はてなダイアリー「梶ピエールの備忘録。」より移行しました。

中国の利上げと元高期待

http://www.nytimes.com/2006/04/28/business/worldbusiness/28yuan.html?_r=1&oref=slogin
http://ameblo.jp/kadokura4/entry-10011882323.html

 まあもちろん貸出金利のみ0.27%あげたからってすぐになにか国内経済に影響を与えると言うものではないと思うし、Blanchard=Giavazziの論文で示唆されていたように財政政策=拡張、金融政策=引き締め、というポリシーミックスが中長期的には望ましいだろうとは思う。

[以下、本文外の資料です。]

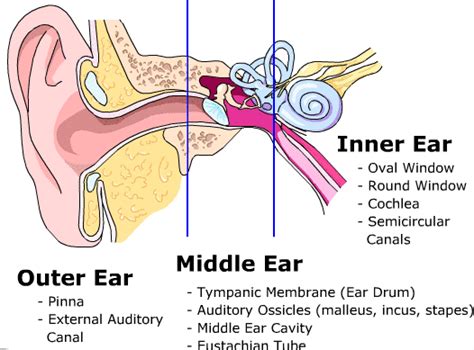 Ear Anatomy Interactive Biology Standard 10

 ただ、同時期にこういう政府発表があったことや、NYTの記事で"it may potentially brake China's voracious appetite on world markets for oil and other commodities"という指摘がなされていることからもわかるように、この利上げがアメリカ国内での中国の急速な台頭に対する反発をかわすという「外向き」の目的で行われたのは明らかだろう。その一方で、国内経済については依然として「需要不足」「デフレ懸念」を指摘する声も強い。

 そういった状況での、しかも実に中途半端な幅での利上げなので、今後海外からの資金の流入による元高圧力が一層高まるのは必定かと。この点に関してはSun Binによるエントリ「元高でしょう?」が、おなじみのマッキノンの所説をはじめ、Deepak Lalによるプラザ合意移行の日本経済に対する解説、マッキノンによる「元高シンドローム警戒論」を批判したNouriel Roubiniのブログ記事(記事自体には批判的な言及がなされている)、などが紹介されていて、大変読みごたえがある。

 しかしそれにしても最近著名な経済学者たちがこぞってブログとかで中国経済を論じるようになったな。嬉しいような気もする反面、われわれのような極東のしがない中国屋は商売あがったりというか、これから自分達は何をやっていけばいいのでしょうという気分にふととらわれなくもない。